Mid-market enterprises are particularly susceptible to cyberattacks due to their limited resources compared to larger organizations. They face the same challenges as their larger counterparts but require more resources to defend themselves. To address these challenges, mid-market businesses need a security portfolio that can protect their operations from cyberattacks and minimize the risk of financial and reputational damage, especially as cyber threats become increasingly sophisticated. This article examines how recent updates to Dell’s security solutions portfolio can help mid-market businesses navigate the evolving threat landscape and enhance their protection capabilities.
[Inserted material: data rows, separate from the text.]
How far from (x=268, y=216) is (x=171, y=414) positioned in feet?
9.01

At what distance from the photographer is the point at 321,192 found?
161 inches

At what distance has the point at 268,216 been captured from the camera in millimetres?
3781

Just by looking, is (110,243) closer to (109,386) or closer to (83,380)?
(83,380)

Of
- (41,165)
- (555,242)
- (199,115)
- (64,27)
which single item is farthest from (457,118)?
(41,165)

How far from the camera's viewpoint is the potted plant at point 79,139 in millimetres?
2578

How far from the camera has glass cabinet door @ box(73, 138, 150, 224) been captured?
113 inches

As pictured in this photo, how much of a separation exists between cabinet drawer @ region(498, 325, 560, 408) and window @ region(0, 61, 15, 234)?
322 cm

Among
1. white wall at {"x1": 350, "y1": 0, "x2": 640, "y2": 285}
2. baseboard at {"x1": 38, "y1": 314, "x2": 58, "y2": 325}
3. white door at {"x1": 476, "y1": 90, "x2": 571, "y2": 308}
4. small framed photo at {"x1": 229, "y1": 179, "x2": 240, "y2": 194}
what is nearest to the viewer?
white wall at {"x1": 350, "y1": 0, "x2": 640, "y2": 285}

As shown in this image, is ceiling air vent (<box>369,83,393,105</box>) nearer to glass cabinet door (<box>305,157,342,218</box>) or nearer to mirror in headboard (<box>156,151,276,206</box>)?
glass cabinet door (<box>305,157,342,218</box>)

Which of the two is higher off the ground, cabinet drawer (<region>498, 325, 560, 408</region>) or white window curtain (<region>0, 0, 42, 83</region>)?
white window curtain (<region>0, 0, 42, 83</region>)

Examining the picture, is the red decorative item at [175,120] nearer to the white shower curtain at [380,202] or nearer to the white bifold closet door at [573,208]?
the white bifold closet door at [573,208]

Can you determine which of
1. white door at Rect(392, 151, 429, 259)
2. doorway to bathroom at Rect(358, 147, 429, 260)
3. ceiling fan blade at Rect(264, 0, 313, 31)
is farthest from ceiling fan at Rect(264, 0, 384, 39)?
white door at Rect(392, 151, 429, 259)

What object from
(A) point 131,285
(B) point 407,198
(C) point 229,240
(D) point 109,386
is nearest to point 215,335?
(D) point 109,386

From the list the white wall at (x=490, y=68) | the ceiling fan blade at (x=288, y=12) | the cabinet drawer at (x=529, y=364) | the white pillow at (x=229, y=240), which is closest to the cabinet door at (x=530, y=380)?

Technology advances daily; how can SMB IT resources and processes keep pace? In March 2023, Dell announced its Dell APEX Managed Device Service subscription to help SMBs and midmarket firms keep devices secure and up-to-date. Dell APEX Managed Device Service is available to buy as a month-to-month subscription at $70 per device for SMBs. Techaisle data shows that 83% of SMBs are prioritizing outsourcing their device, security, and overall IT management. At the same time, 62% are increasing their use of as-a-Service technology adoption. With Dell APEX Managed Device Service, SMBs have peace of mind knowing their IT needs are handled with Dell’s industry-leading IT management and support capabilities. From PC management to device security to expert Dell support, all in a flexible monthly subscription, this newest addition to the Dell APEX lineup delivers the immediate value small businesses need to focus on growing their business, not managing IT.

SMBs increasingly depend on information technology and deal with an ever-expanding portfolio of increasingly complex applications and platform technologies. At the same time, these firms are struggling to rein in IT-related expenditures, including staff-related costs. This combination of increased reliance on technology as a critical element of business success, burgeoning complexity, and cost constraint has created a ‘perfect storm’ for using managed services, especially services covering devices and security. As a result, managed services has become an increasingly important force within the SMB IT portfolio because its key attributes tie directly to business and IT challenges. The reasons for this intense (and growing) interest in service delivery are varied and compelling. The top two issues are “to keep IT costs under control” (49%) and “improve security” (38%).